Kawalerski Ryan R, Leach Steven D, Escobar-Hoyos Luisa F
Medical Scientist Training Program, The Johns Hopkins University School of Medicine, Baltimore, MD 21205, USA.
Departments of Molecular and Systems Biology, Surgery, and Medicine, Dartmouth Geisel School of Medicine and Norris Cotton Cancer Center, Lebanon, NH 03766, USA.
Oncotarget. 2021 Mar 16;12(6):525-533. doi: 10.18632/oncotarget.27901.
Pancreatic ductal adenocarcinoma (PDAC), the most common histological subtype of pancreatic cancer, has one of the highest case fatality rates of all known solid malignancies. Over the past decade, several landmark studies have established mutations in and as the predominant drivers of PDAC pathogenesis and therapeutic resistance, though treatment options for PDACs and other tumors with these mutations remain extremely limited. Hampered by late tumor discovery and diagnosis, clinicians are often faced with using aggressive and non-specific chemotherapies to treat advanced disease. Clinically meaningful responses to targeted therapy are often limited to the minority of patients with susceptible PDACs, and immunotherapies have routinely encountered roadblocks in effective activation of tumor-infiltrating immune cells. Alternative RNA splicing (ARS) has recently gained traction in the PDAC literature as a field from which we may better understand and treat complex mechanisms of PDAC initiation, progression, and therapeutic resistance. Here, we review PDAC pathogenesis as it relates to fundamental ARS biology, with an extension to implications for PDAC patient clinical management.

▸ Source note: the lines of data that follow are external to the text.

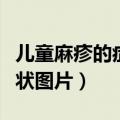 儿童麻疹的症状及治疗方法（儿童麻疹初期症状图片）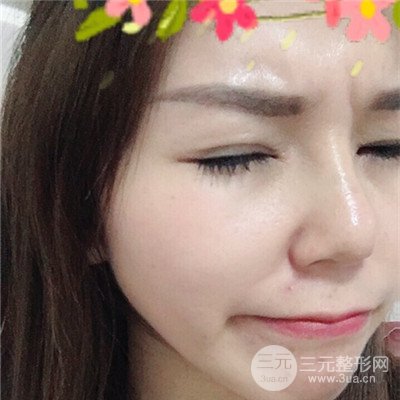 濟(jì)南曹博士美容醫(yī)院曹景敏眼部綜合整形真人案例分享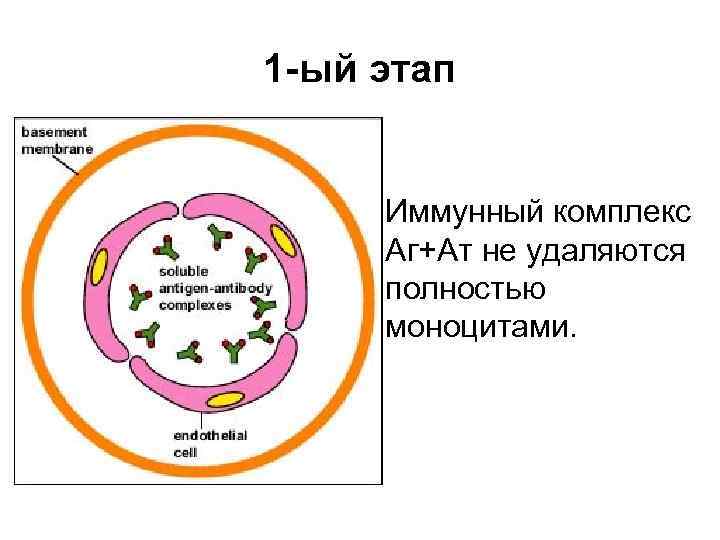 1 -ый этап Иммунный комплекс Аг+Ат не удаляются полностью моноцитами. 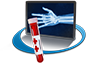 Hand x-ray and blood vial of a patient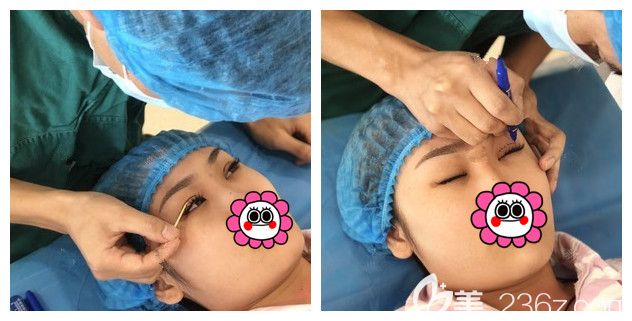 張悅迪醫(yī)生設(shè)計(jì)雙眼皮方案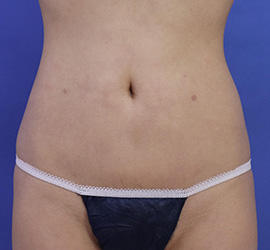 30代女性の脂肪吸引 After 症例写真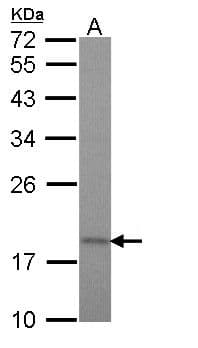 Polyclonal Rabbit anti-Human TIMM17A / TIM17 Antibody (aa108-171, WB)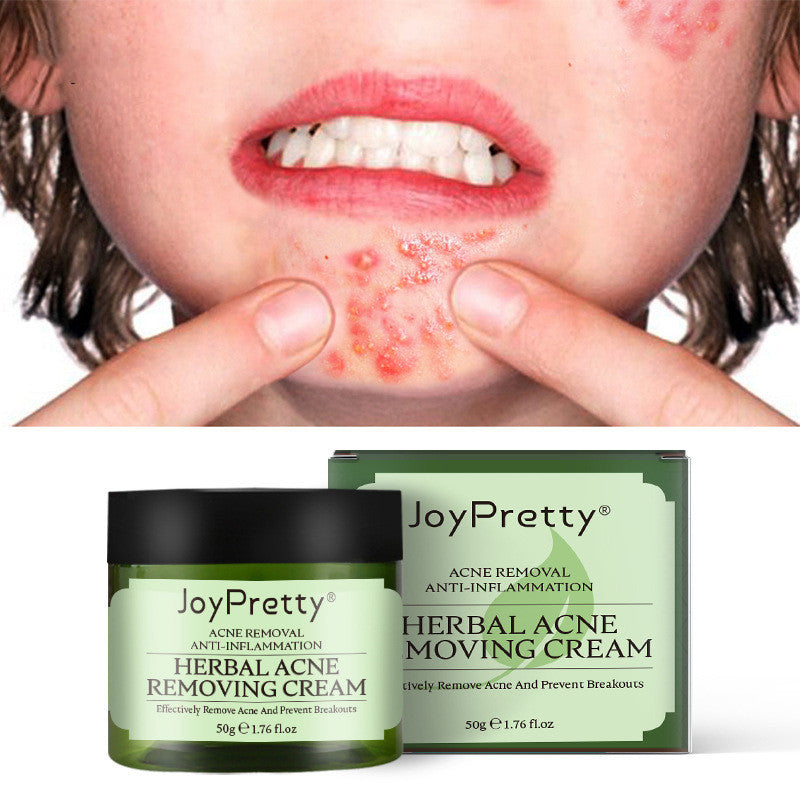 JoyPretty Herbal Acne Cream For Reducing Acne Marks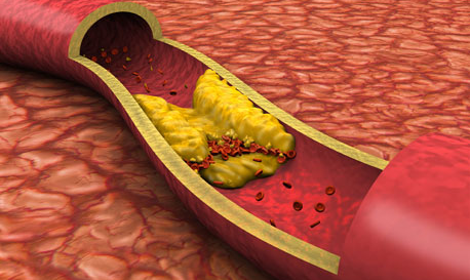 la hipercolesterolemia reduce el perfil antioxidante y cardioprotector de las hdl
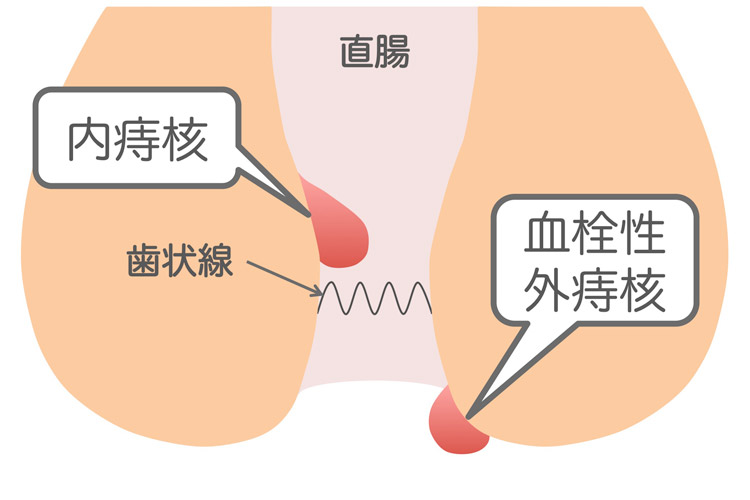 痔核（いぼ痔）のイメージイラスト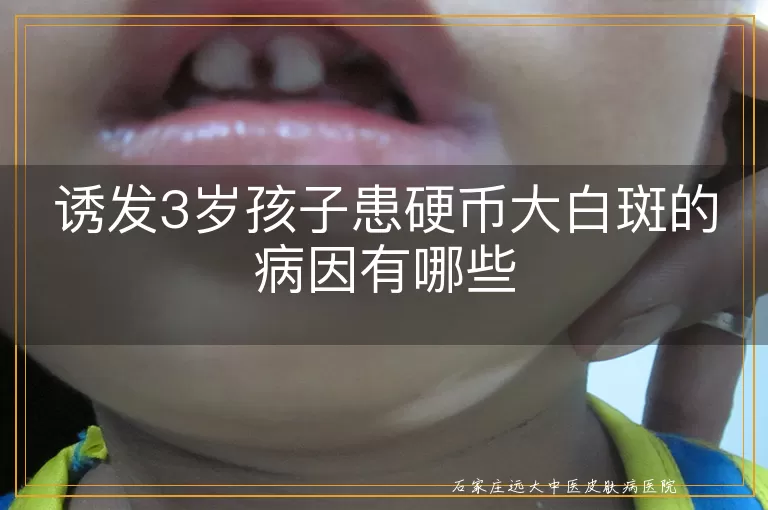 诱发3岁孩子患硬币大白斑的病因有哪些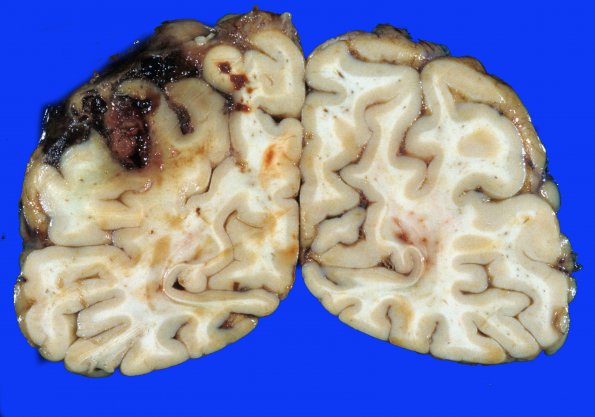 1A2 Aneurysm, mycotic (Case 1) 3A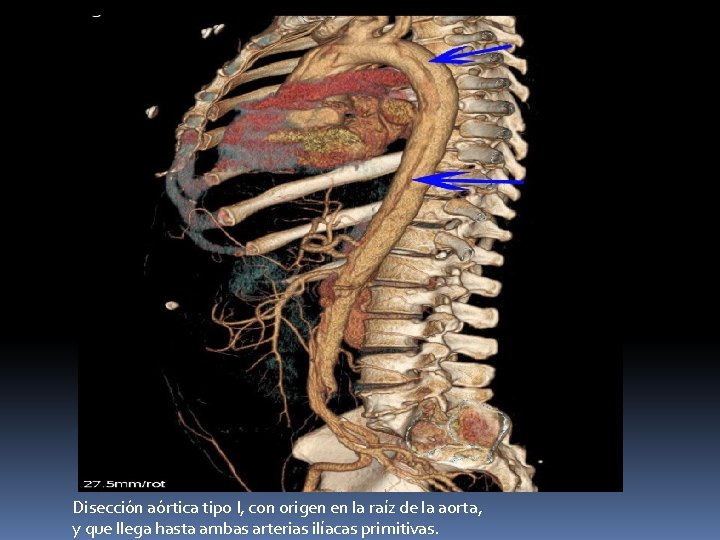 Disección aórtica tipo I, con origen en la raíz de la aorta, y que Disección aórtica tipo I, con origen en la raíz de la aorta, y que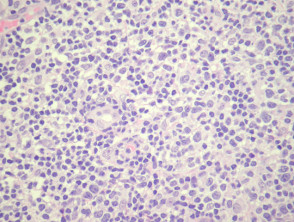 Cutaneous small–medium pleomorphic T-Cell lymphoma pathology
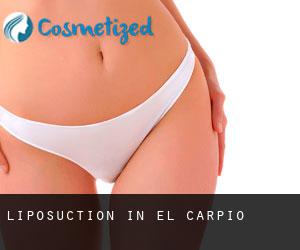 Liposuction in El Carpio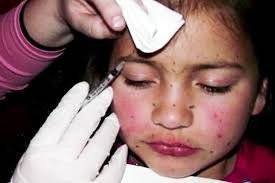 botox infantil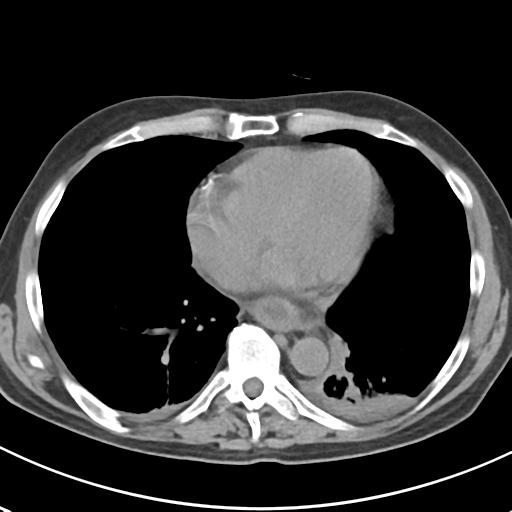 File:Acute pancreatitis and walled-off necrosis (Radiopaedia 29888-30404 Axial non-contrast 1).jpg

胰腺导管腺癌(PDAC)是胰腺癌最常见的组织学亚型,在所有已知实体恶性肿瘤中,其病死率位居前列。在过去十年中,多项具有里程碑意义的研究已证实,KRAS和BRAF突变是PDAC发病机制和治疗耐药性的主要驱动因素,不过针对携带这些突变的PDAC及其他肿瘤的治疗选择仍然极为有限。由于肿瘤发现和诊断较晚,临床医生常常只能使用激进且非特异性的化疗方法来治疗晚期疾病。对靶向治疗具有临床意义的反应通常仅限于少数对治疗敏感的PDAC患者,而且免疫疗法在有效激活肿瘤浸润免疫细胞方面常常遇到阻碍。替代性RNA剪接(ARS)最近在PDAC文献中受到关注,作为一个领域,我们或许可以从中更好地理解和治疗PDAC发生、发展及治疗耐药性的复杂机制。在此,我们回顾与基础ARS生物学相关的PDAC发病机制,并延伸探讨其对PDAC患者临床管理的意义。